PLoS ONE (Jan 2022)
A Boolean approach for novel hypoxia-related gene discovery.
Abstract
Hypoxia plays a major role in the etiology and pathogenesis of most of the leading causes of morbidity and mortality, whether cardiovascular diseases, cancer, respiratory diseases or stroke. Despite active research on hypoxia-signaling pathways, the understanding of regulatory mechanisms, especially in specific tissues, still remain elusive.

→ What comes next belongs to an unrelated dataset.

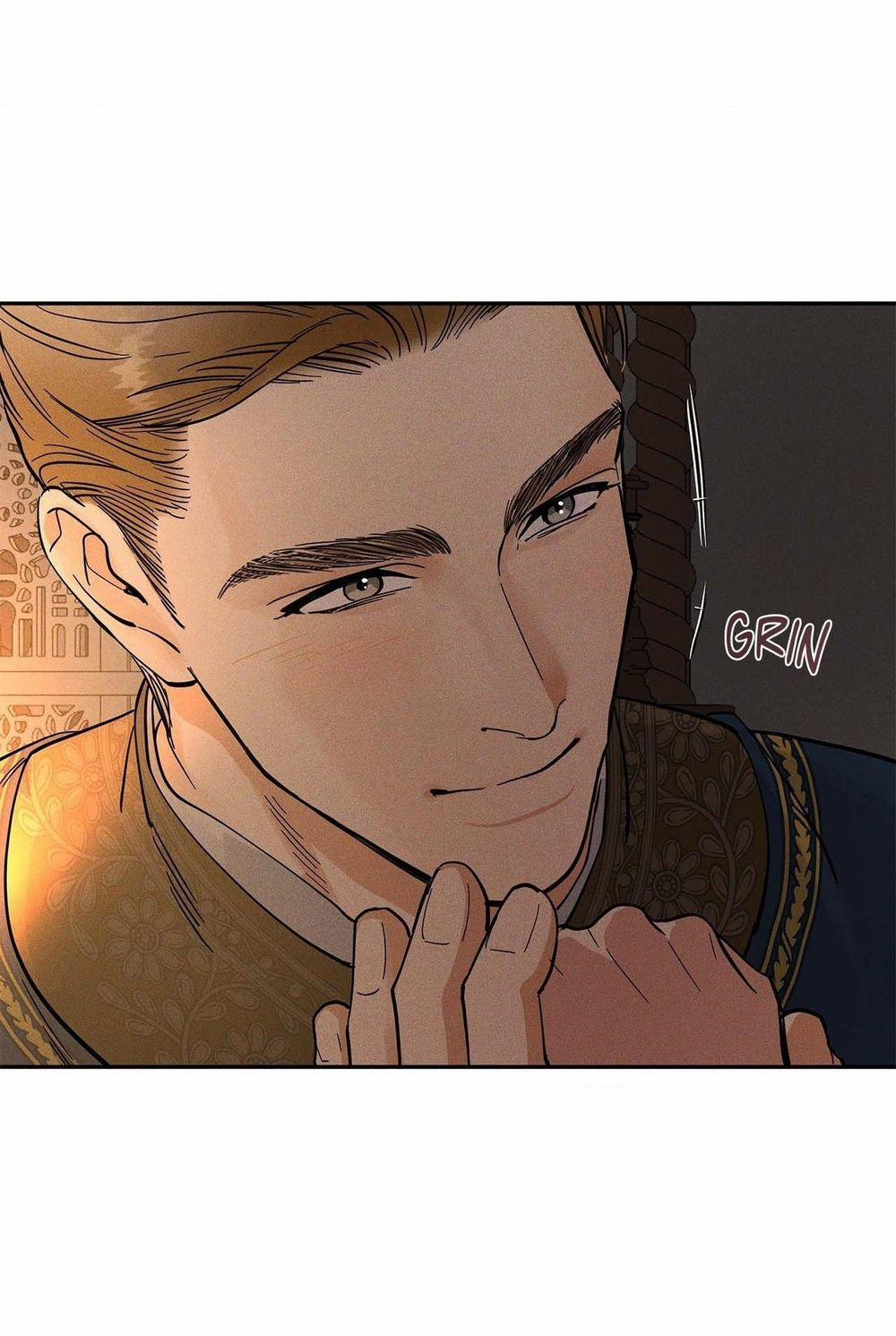 Giải Độc Dược 23 trang 34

With the accessibility of thousands of potentially diverse genomic datasets, computational methods are utilized to generate new hypotheses. Here we utilized Boolean implication relationship, a powerful method to probe symmetrically and asymmetrically related genes, to identify novel hypoxia related genes. We used a well-known hypoxia-responsive gene, VEGFA, with very large human expression datasets (n = 25,955) to identify novel hypoxia-responsive candidate gene/s. Further, we utilized in-vitro analysis using human endothelial cells exposed to 1% O2 environment for 2, 8, 24 and 48 hours to validate top candidate genes. Out of the top candidate genes (n = 19), 84% genes were previously reported as hypoxia related, validating our results. However, we identified FAM114A1 as a novel candidate gene significantly upregulated in the endothelial cells at 8, 24 and 48 hours of 1% O2 environment. Additional evidence, particularly the localization of intronic miRNA and numerous HREs further support and strengthen our finding. Current results on FAM114A1 provide an example demonstrating the utility of powerful computational methods, like Boolean implications, in playing a major role in hypothesis building and discovery.